CHIME is uniquely suited to finding FRBs because, unlike most radio telescopes with postage-stamp fields of view, it scans the whole sky visible from its location in British Columbia every night. Astronomers then use digital signal-processing to work through huge amounts of data — about 7 terabits per second, equivalent to a few percent of the world’s internet traffic — to “focus” on FRB signals.
Nevertheless, CHIME only sees the tip of the iceberg. The CHIME/FRB Collaboration calculates that some 800 bright bursts occur every day, and the telescope only sees a small fraction of that.
The radio flashes CHIME does see are spread out on the sky, which means that, as astronomers had already suspected, the sources of these mysterious flashes aren’t concentrated in the Milky Way. But that spread isn’t completely uniform. The team finds that FRBs correlate with galaxies out to 5 billion light-years away.
WHAT ARE FAST RADIO BURSTS?
At least some fast radio bursts likely originate on or around the burnt-out stellar cinders known as magnetars. These neutron stars generate extremely strong magnetic fields, which might tangle or snap to release energy. The case for magnetars grew stronger when a known magnetar was caught emitting an FRB in our own galaxy.
“Magnetars are the only thing we know of that could plausibly produce such energetic flashes in such short amounts of time,” says Kiyoshi Masui (MIT), “but the actual mechanism is not well understood.”
FRBs may originate far out in the magnetar’s magnetic field, or they may arise from events on its surface.
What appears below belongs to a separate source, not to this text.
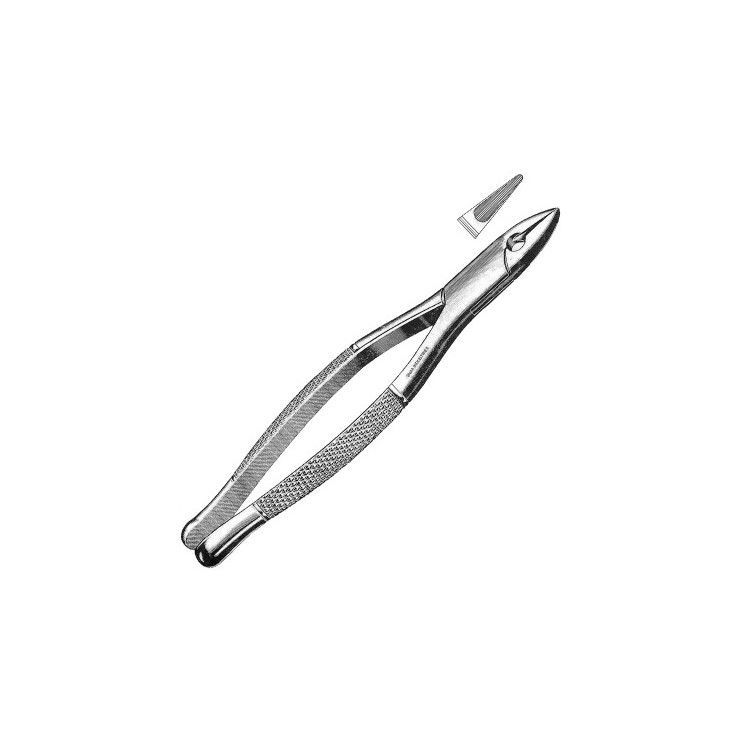 Dental forceps SI3192 Aadab International extraction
It’s also possible that magnetars may make some FRBs but not others. For example, some FRBs repeatedly flash, while others, even when watched for a long time, don’t emit another glimmer.
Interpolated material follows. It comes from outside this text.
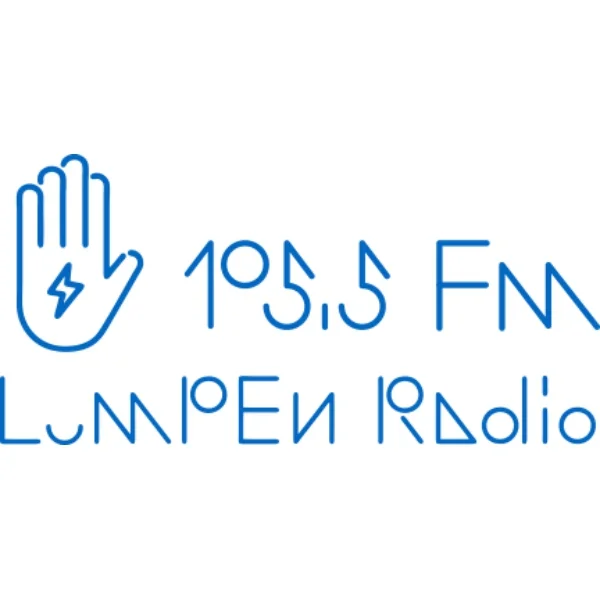 Lumpen Radio 105.5 Chicago WLPN-LP logo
“Our current sample indicates that there are significant differences in the properties of repeaters and non-repeaters,” says team member Pragya Chawla (McGill University). Repeating bursts last slightly longer and emit more focused radio frequencies than bursts from their non-repeating brethren.
But what causes these differences is still up for debate. We might be seeing two different populations of objects that emit in different ways. Or, as team member Ziggy Pleunis (also at McGill) suggests, “It is also possible that all, or most, FRBs are repeaters.” We might be simply be seeing variations on a theme. For example, he explains, if narrow bursts occur less often, then the narrowest bursts would appear to be one-off events. More data will help astronomers discern between these scenarios.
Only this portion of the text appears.